Le Cardinal Biayenda, le Martyr

De l’autre côté du fleuve Congo, le Cardinal Emile Bieyenda aura moins de chance. Très critique vis-à-vis du pouvoir communiste installé à Brazzaville, il est enlevé en marge de l’assassinat du Président communiste Marien Ngouabi à son domicile, près de la cathédrale du Sacré-cœur de Brazzaville, dans l’après-midi du 22 mars 1977 et est tué dans la nuit du 23 mars 1977 par un groupe de soldats. Bien que la cause réelle de cet enlèvement soit encore à ce jour indéterminée, on peut tout de même affirmer que son engagement en faveur des libertés individuelles lui a certainement coûté la vie.

Au Gabon, plusieurs hommes d’Église critiquent le régime d’Omar Bongo qui caresse le rêve de se faire couronner roi du Gabon. Ainsi l’abbé Noël Ngwa Nguema, Monseigneur Okinda mais aussi le Père Paul Mba Abessole sont dans les années 80 très virulents vis-à-vis du régime. Exilé en France, le père, Paul Mba Abessole finira par incarner l’opposition gabonaise en exil avant de se lancer dans une carrière politique

Le temps des Conférences nationales.

Après la chute du mur de Berlin, le vent de l’Est souffle sur l’Afrique et met un terme au règne des partis uniques.
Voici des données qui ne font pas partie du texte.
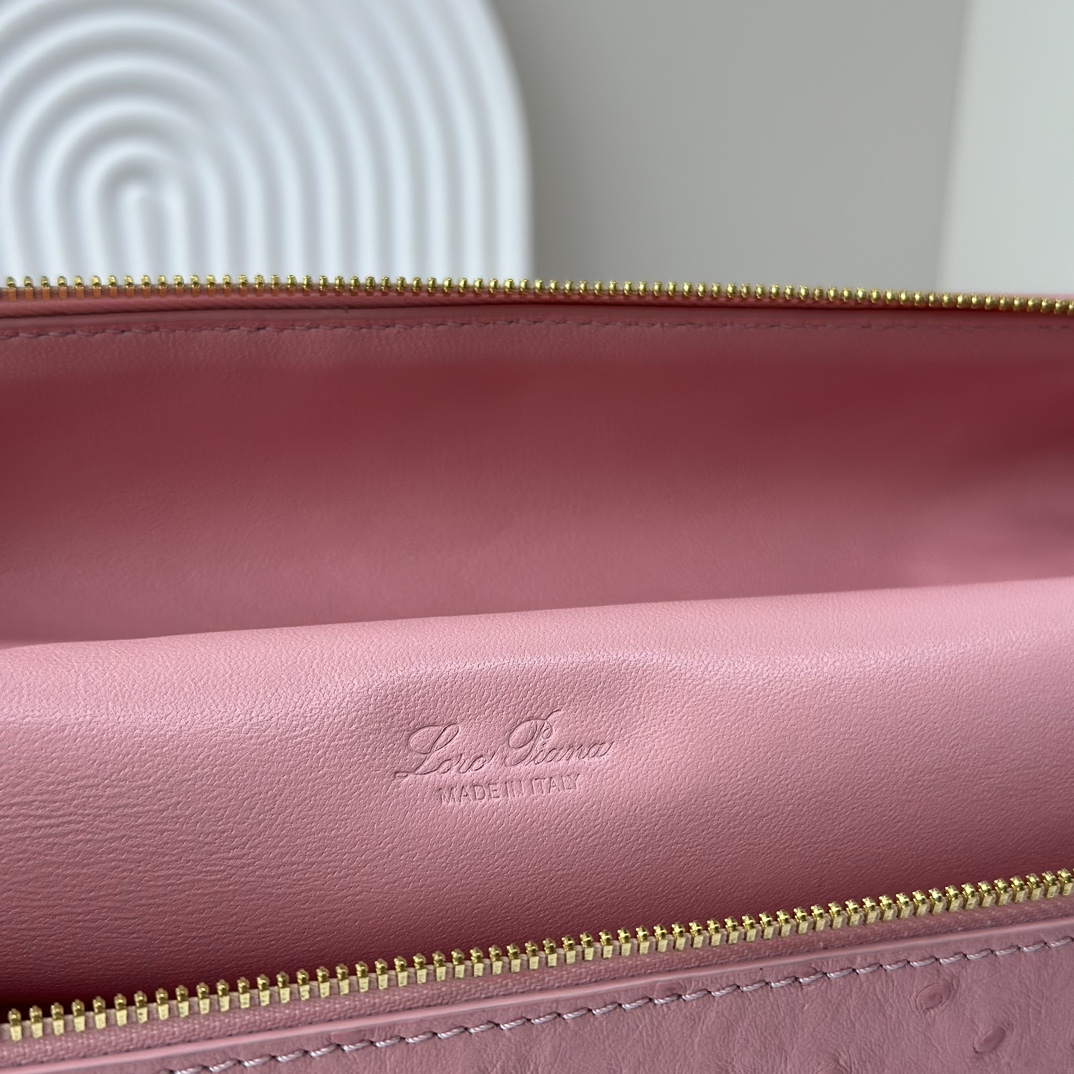 Loro Piana Ostrich handbag Loro Piana Pink in Ostrich - 34519347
C’est le temps des Conférences Nationales, grandes messes au cours desquelles on dresse le bilan – Toujours très négatif – régime à partis uniques. Ces grandes messes sont présidées par des évêques au Benin, au Congo-Brazzaville, au Gabon et au Zaire.
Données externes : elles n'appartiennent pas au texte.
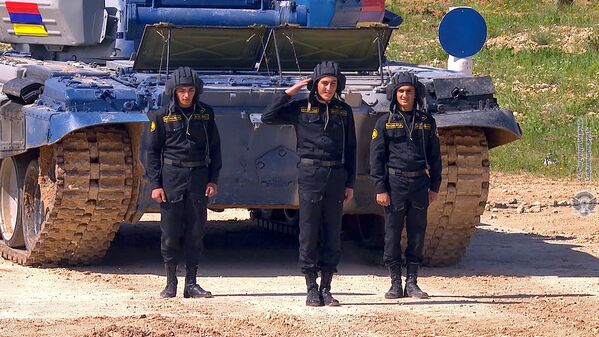 Армянские танкисты на Танковом биатлоне 2018 - Sputnik Армения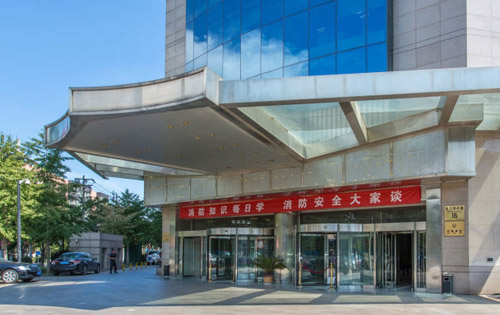 京粮大厦入口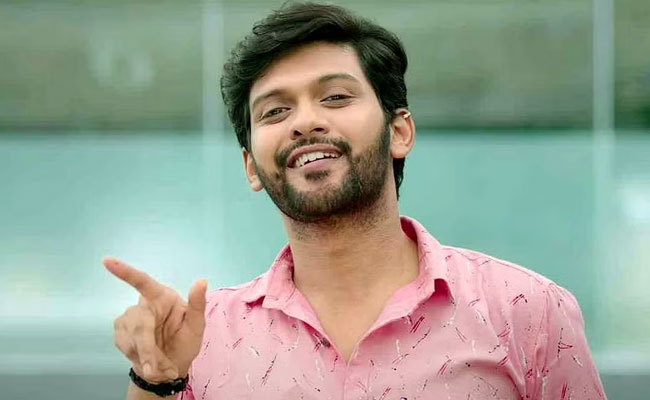 Naveen-polishetty--.jpg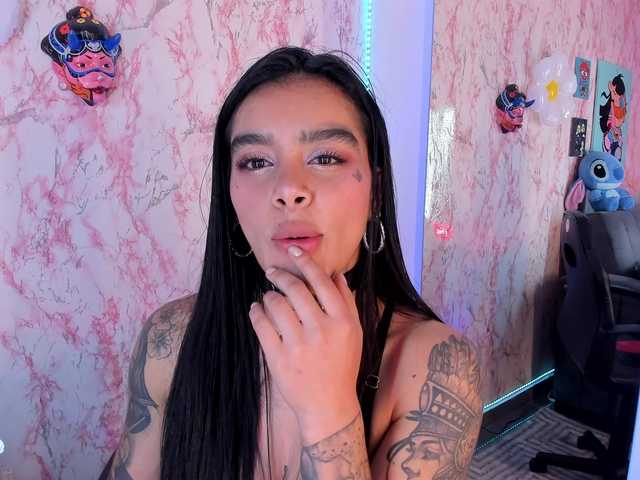 laurencamila1 live cam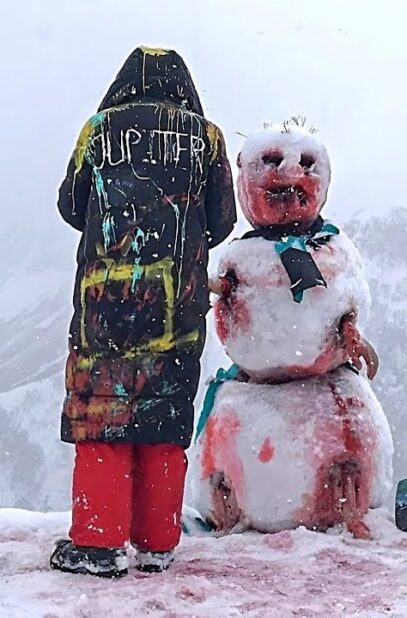 otpusk-devushki-prevratilsya-v-bezumie-kogda-ee-zheniha-pohoronili-vnutri-snegovika-kratkij-pereskaz-attachment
Ne pouvant pas tolérer que cette conférence nationale ose critiquer son régime, Mobutu la fera interrompre sans autre forme de procès. À l’initiative des Églises, il y aura une marche pour demander la reprise de la conférence nationale. Cette marche à laquelle prendra part des membres du clergé baptisé « la marche de l’espoir » ou encore la « marche des chrétiens » sera réprimée dans le sang et fera officiellement 35 victimes, mais bien plus selon divers témoignages.
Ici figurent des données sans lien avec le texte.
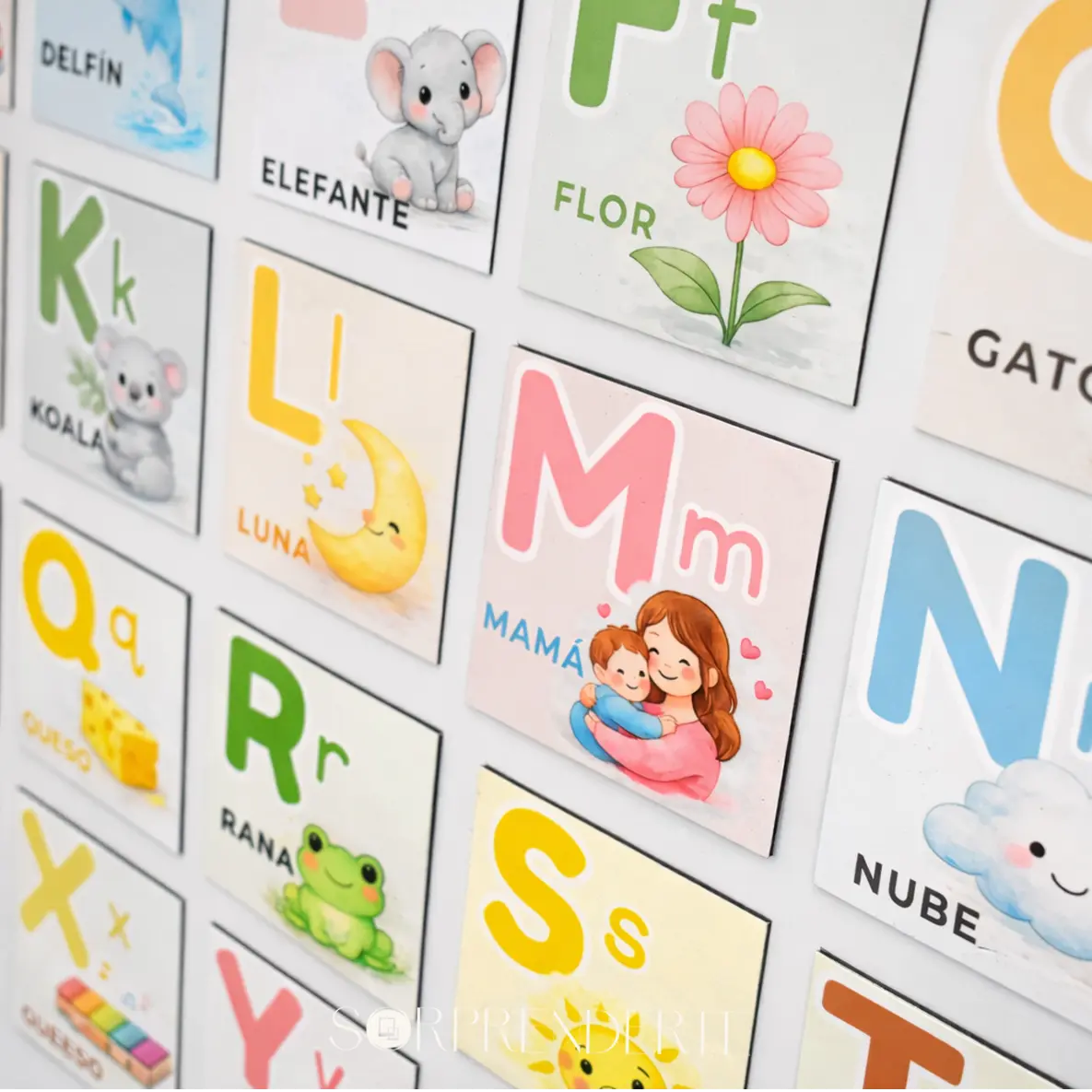 Detalle del alfabeto magnético infantil con ilustraciones suaves y palabras básicas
Un acteur politique toujours présent

Depuis les années 2000, la voix de l’Église se fait toujours entendre dans plusieurs pays africains. On la retrouve très active dans la défense des droits de l’homme en République démocratique du Congo, mais aussi très impliquée dans les processus électoraux depuis la chute de Mobutu. Ainsi, en 2018, la Conférence Épiscopale Nationale du Congo (CENCO) dans laquelle les hauts représentants de l’Église sont réunis prend une part active dans l’organisation de l’élection présidentielle de 2018. Avant la proclamation officielle des résultats, elle affirme qu’elle connaît déjà le nom du président élu. Forte de plus de 40.000 observateurs et disposants de copies des procès-verbaux, les résultats qu’elle compile fuient rapidement. La CENCO finit par s’opposer aux résultats officiels en laissant entendre que Félix Tschisekedi n’est pas le candidat choisi par les électeurs.

Plus tard, la CENCO enfonce le clou et publie un rapport dans lequel il est affirmé que Martin Fayulu, officiellement arrivé deuxième est le véritable vainqueur de l’élection présidentielle.